There were plenty of people protecting economic interests – whether to do business as they have or to protect their views. But more than five years into the process and with completion just two weeks away, there continues to be no one representing the public interest.
Citizens for a Healthy Bay has been involved from the start. But rather than speak up on behalf of the bay, which has few lobbyists, CHB spent too much time echoing the positions of the Port of Tacoma and industry, which have plenty.
The Tacoma-Pierce County Chamber hasn’t been shy about making its demands clear. A June 1 letter to the Planning Commission said the city should give a higher priority to industrial water-dependent uses, leave the Sperry Ocean Terminal and its moorage of Military Sealift Command ships alone, limit the demands for public access, end the restrictions on expansion of industrial uses on the east shore of the Foss Waterway, and move the Foss Peninsula shoreline from the pedestrian-oriented Thea Foss Waterway district to the Tideflats’ Port Industrial district.
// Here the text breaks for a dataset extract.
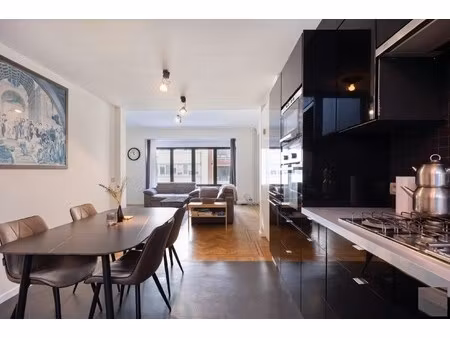 2 slaapkamerappartement te koop in het centrum van antwerpen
After months of process and hearings, planning commissioners delivered on several of the Chamber’s demands. Gone, for example, would be the 1995 provision that current users on the east Foss shoreline north of the Murray Morgan Bridge could stay but not expand. Gone would be a staff suggestion that any new developments on the east shoreline include a public esplanade like on the west shoreline.
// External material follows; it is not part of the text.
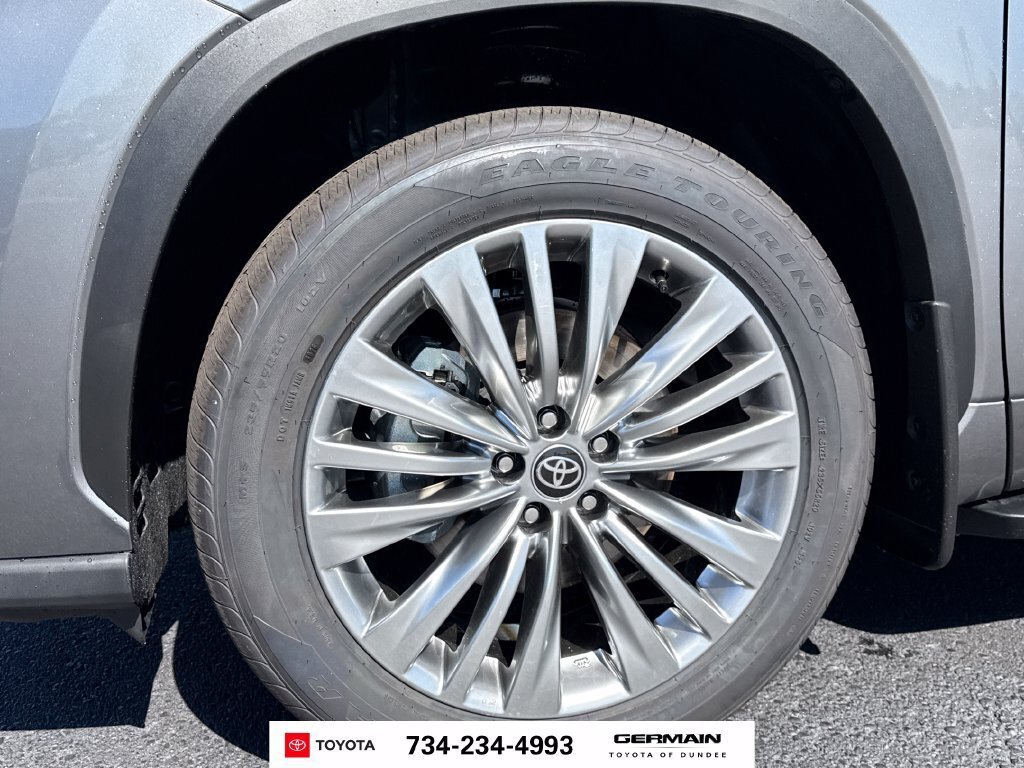 New 2026 Toyota Highlander Platinum AWD/4WD image 8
That would, in essence, alter a 2005 deal between the city and port industrial users that saw the city purchase the site that is now Urban Waters, preventing it from becoming the condos that Tideflats industry feared. The city also agreed to block all residential uses for the Foss Peninsula shoreline and agreed to create design standards and a road arrangement to insulate industrial users from complaints from future mixed-use development.
In return, the port community acquiesced to the restoration of the Morgan bridge and acknowledged the inevitable change for the east Foss shoreline from industrial to mixed use.
Chamber lobbyists didn’t win all, though. The planning commission agreed with Stadium Way homeowners that the Sperry dock section of the shoreline next to Chinese Reconciliation Park was more likely over time to look like recreational Ruston Way than like industrial Temco grain terminal. Under the recommendations, Sperry would be grandfathered but it couldn’t expand and new industrial uses would be prohibited.
It wasn’t everything that homeowners fighting against Sperry wanted. But it was something.
Now comes the City Council. Will the victories of port, industry and Chamber lobbyists be tempered as the council rushes to a Dec. 1 deadline? Probably not. Two days after a meeting among the Chamber, planning commission staff and two members of the City Council, one councilman proposed sweeping amendments to the planning commission plan.
David Boe is proposing a new Schuster Parkway zone that would make Sperry a conforming use and preserve that deep-water shoreline for some future industrial uses. He also would shift the Foss Peninsula shoreline north of the Morgan bridge from the Foss Waterway district to the Port Industrial District.
In return, Boe would reimpose an esplanade requirement for the east shoreline south of the bridge.
Boe reasons that when the city banned residential uses for the Foss Peninsula as part of the 2005 deal, it effectively ended any chances for actual mixed-use development. And Urban Waters would be an acceptable use in either zone because it is part research laboratory, he said.
These changes, however, would disrupt a 2-decade-old plan to consider the entire Foss shoreline part of downtown, part of the Foss Waterway vision. It is not just a local vision but part of regional growth management goals.
The state Department of Ecology must approve the city’s revisions. So we are left with just that agency to ensure that public interests are heard.